I would prefer sticking to - everywhere or dropping the separator altogether.

akoehn commented 5 years ago

Yes, I also prefer to use - everywhere, that is what I use as well. The underscore was just because I assumed some people like to have different delimiters (-:.

The "bibtex key can be valid file name" property is at least a bit more than a subjective thing. We currently have it and would lose it when introducing colons.

mjpost commented 5 years ago

I prefer the visual aesthetic of colons, but (grudgingly) see the utility of having keys serve as filenames. I very much dislike underscores.
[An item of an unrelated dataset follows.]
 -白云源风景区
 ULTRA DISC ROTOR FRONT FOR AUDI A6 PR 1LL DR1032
Let's use hyphens.

mbollmann commented 5 years ago

I've changed it to hyphens now.

I've also tried to make bibkeys for proceedings volumes a bit more semantic, by using the venue acronym instead of author names and excluding a bunch of keywords (like "proceedings") from the title. That works pretty okay for some volumes, e.g. ws-2014-bionlp for W14-3400, but many others are still pretty awful. But at least it produces something a bit more reasonable for now.
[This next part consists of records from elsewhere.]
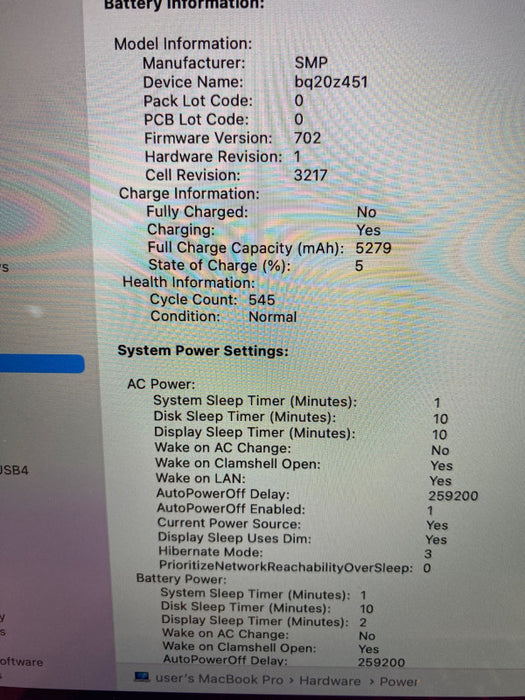 Apple MacBook Pro Retina 13\\" Early 2015 i5-5267U @2.7GHz 8GB RAM 256 SSD READ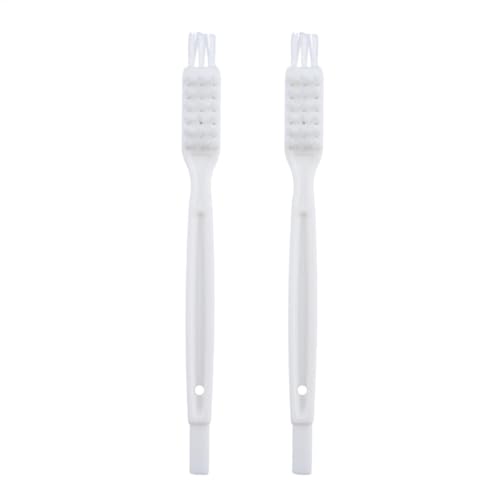 Brosse pour extracteur de jus - Brosse à joints - Brosse de nettoyage en profondeur - Outil de nettoyage des joints - Lot de 2 brosses à joints pour...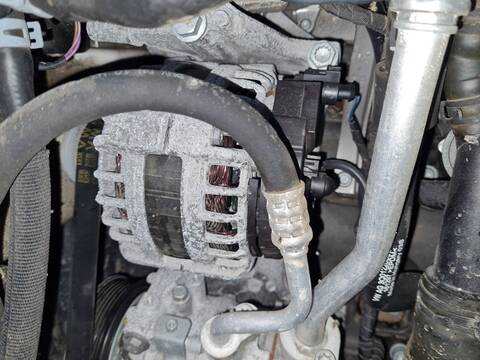 Alternador Audi Q3 35 TDI 150CV 110KW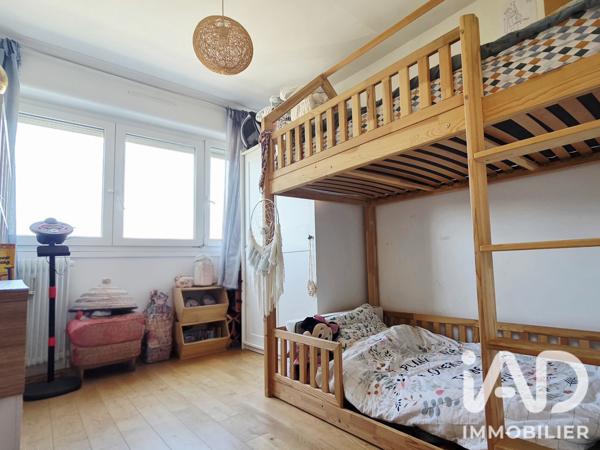 Appartement à vendre 4 pièces 84,52 m² Le Plessis-Robinson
The only simple idea I have is

m = re.fullmatch(r'.*\((.*)\)\s*\[in \s+\]\s*', s)
if m:
    s = m.group(1)

because our papers that are in other languages do often match that pattern, and in particular the ones in Chinese.

I've tried this and it matches a lot of papers, but I noticed that proceedings are not consistent in the ordering of English vs. non-English titles. For example, TALN 2014 has the English title first and the French one in brackets, in which case the regex would do exactly the wrong thing. Not sure how we could address that.
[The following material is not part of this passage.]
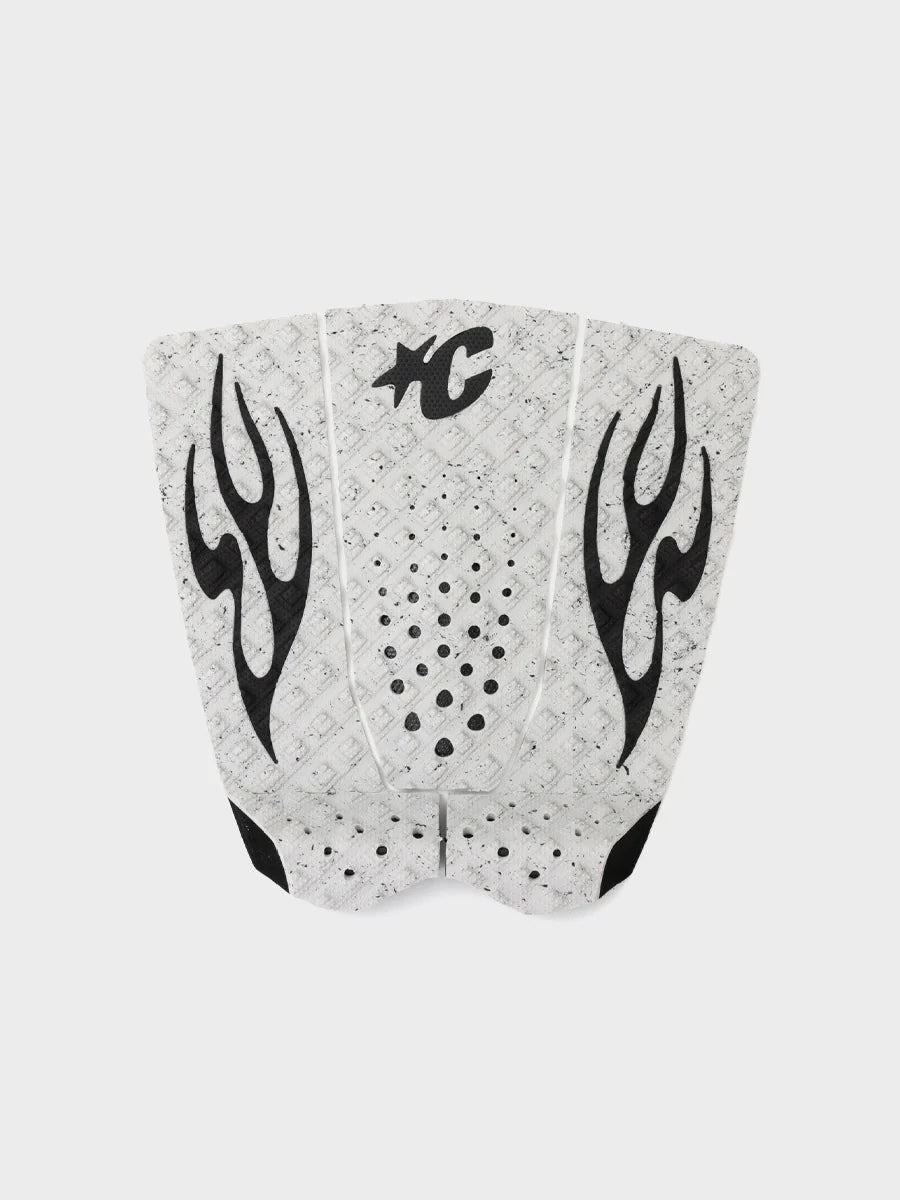 GRIFFIN COLAPINTO LITE GRIP - BONE SPECKLE BLACK FLAMES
mjpost commented 5 years ago

Thanks for all the work and discussion! This is now in place.

andreasvc commented 5 years ago

IMHO the Google Scholar bibkeys strike the best balance of minimalism and recognizability: no hyphens/colons, no et al, just a concatenation of first last name, year, first content word of title; e.g. smith2013parser.

mjpost commented 5 years ago

Thanks, @andreasvc. The Google Scholar format did serve as our starting point (as you saw at the start of the conversation). However, one issue with the Google keys is that they don't have to care about uniqueness of keys, but we do, since we publish a single Anthology BibTeX file that needs to be parse-able. For this reason, we expanded it a bit.

Also, I think having hyphens improves readability, e.g., junczysdowmunetal2018neural is a bit hard on the human parser.

aryamccarthy commented 5 years ago

Ready to close this?